This past Tuesday marked 90 days until I leave for France.
“Three months!” most people say. “You must chill!”
“Only three months!” I tell them. “So much to do.”
Queue a wee bit of dramatic arc because, well . . .
Our heroine continues to plan her solitary sojourn to France, and realizes quickly she cannot do it on her own.
She turns to her friends who, in their 40s and 50s, do not suffer from the I-have-not-been-to-Europe affliction. In fact, many of them went in their 30s and only return to North America out of professional and familial obligation.
They clue her into the modern world.
The big thing they helped me realize this week is that the phone is my friend. I’ve never been a HEAVY phone user. My apps are limited to voice dictation for when the muse strikes and I left my notebook in my other bag, Podcasts on archeology, and Moon because I am an astro nerd and like to check out the phases of celestial bodies.
Boom. I’d found my solution to more than Saumur and downloaded the app to store the tickets. That’s when I realized I could app my way to storing a whole lot of things without paper ticketing. I’m the sort of person who will have copies of documents in multiple places (ease, emergency, back-up). So, this was a big, obvious win for me.
A lovely friend of mine is traveling to France at the same time, and we’ve been trading bits and pieces on French life for the last little while.
Yesterday, she reminded me that one of our mutual loves – podcasts – would be a great way to brush up on traveling tips, learn more about the regions we are going to, and ignore people on transit during our daily commutes. 🙂
I have totally fallen in love with The Join Us In France Travel podcast.
Annie and Elyse are amazing guides, and now I’m plowing through far more than the handful of podcasts from them I “thought” pertained to my travels. Love them. Go check it out.

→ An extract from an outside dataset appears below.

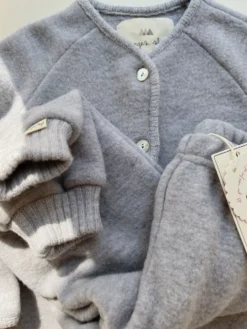 saga cardigan - grey melange
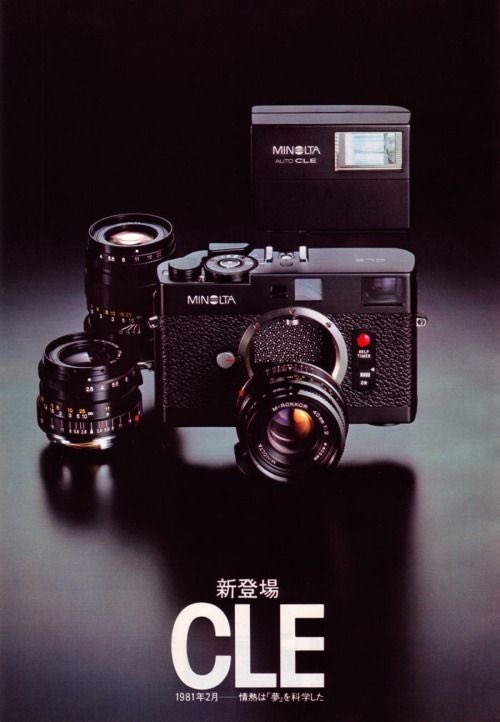 qualitecamera's tweet photo. Minolta CLE (1981) https://t.co/kKJdmMspQb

My first one was Episode 224 on traveling solo as a woman in Paris.
Finally, I’ve been contemplating how to best manage my whirlwind 48 hours in Paris. I first considered going full-on tourist, but realized that defeated the purpose of my trip to research Renaissance France, da Vinci, and the sentiment surrounding that time period.
A friend from my early years as a newspaper journalist recommended a private tour, something I hadn’t considered since I don’t usually roll that way. The person she recommended never got back to me, but I am not easily defeated once I’ve decided to explore a certain avenue.
Then, a browse through the indomitable Messy Nessy Chic sent me to City Unscripted out of the UK, where I began corresponding with a great crew about landing a guide who could show me more off-the-tourist-trail sites around Paris that pertain to my research goals.
They’ve been wonderful, and while I haven’t booked my tour yet because we’re not done planning, I’m looking forward to a mix of tourist and the unusual as a result.